How to prepare your home for a wildfire. With a little training and some attention to conditions around your home, you can keep your home and family safer.

Even in temperate western Washington it can take only a few sunny days for forests to dry out enough to catch fire. And, in windy conditions wildfires can get out of control quickly. Wildfires do burn every year in King County. Before wildfire strikes, homeowners can help protect lives and property by creating a fire-adapted space around structures.

Top 8 tips for maintaining a wildfire safety zone in the 30 feet around your home

  1. Remove all dead plant material from around your home. Rake up dry leaves (under decks and porches too!) and move firewood away from the house. Keep your roof and gutters clear of flammable debris.
  2. Place a 3 to 5-foot swath of gravel or stones around the foundation of your home instead of flammable mulch.
  3. Prune branches that overhang or touch the house.
  4. Take out "ladder fuels," vegetation between grass and treetops that can carry fire between foliage and structures.
  5. Keep blowing embers out of your house. Cover exterior vents with fine (1/8-inch) mesh.
  6. Store flammable materials, including cushions, indoors instead of on porches and decks.
  7. Use fire-resistant construction materials such as Class-A asphalt shingles, metal or concrete products for your roof.
  8. Use fire-resistant plants in the garden.

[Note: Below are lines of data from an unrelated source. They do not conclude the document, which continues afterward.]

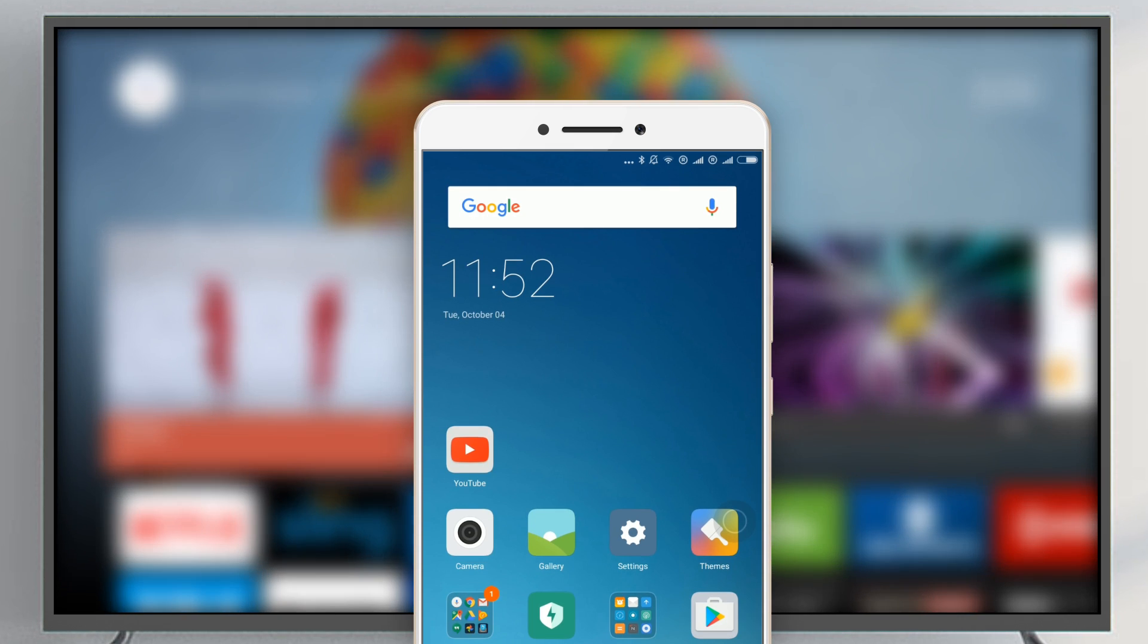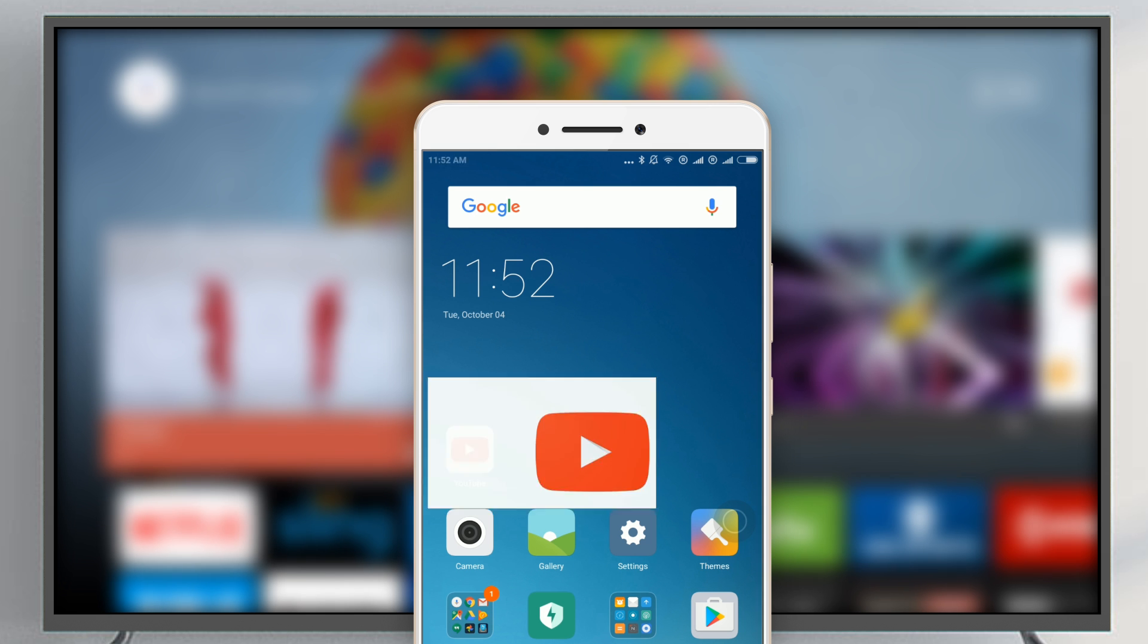Open a Google Cast Ready app on your smartphone. We'll use YouTube as an example.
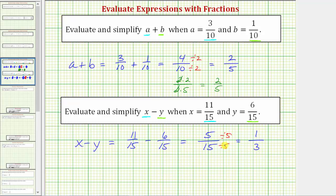We can also show this simplifying by writing five as one times five and fifteen as three times five. And because five divided by five simplifies to one, again the fraction simplifies to one-third. I hope you found this helpful.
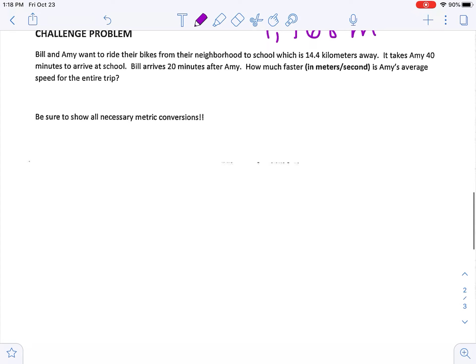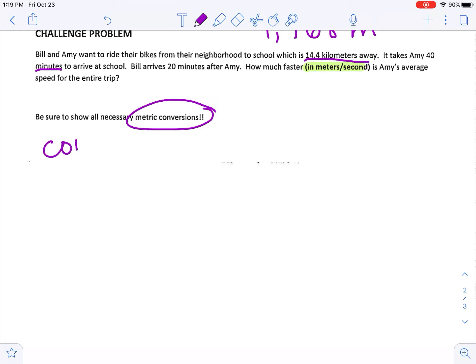Now for the challenge problem: Amy and Bill want to ride their bikes from their neighborhood to school, which is 14.4 kilometers away. It takes Amy 40 minutes to arrive; Bill arrives 20 minutes after Amy, so 60 minutes total. How much faster in meters per second is Amy's average speed for the entire trip? What makes this challenging is that the given information is in kilometers and minutes, but the answer must be in meters per second — so we need metric conversions right away.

Read our list of fire-resistant plants for the Puget Sound Basin, or search our illustrated Native Plant Guide for fire-resistant plants.

Outside the 30-foot zone, manage woodlands for forest health. Fire safe forests can also be healthy forests. Forests with sufficient growing space for trees are not only less susceptible to fire, but properly managed forests are also healthier and more drought tolerant than forests where trees are crowded together with many dead lower limbs or dry brush.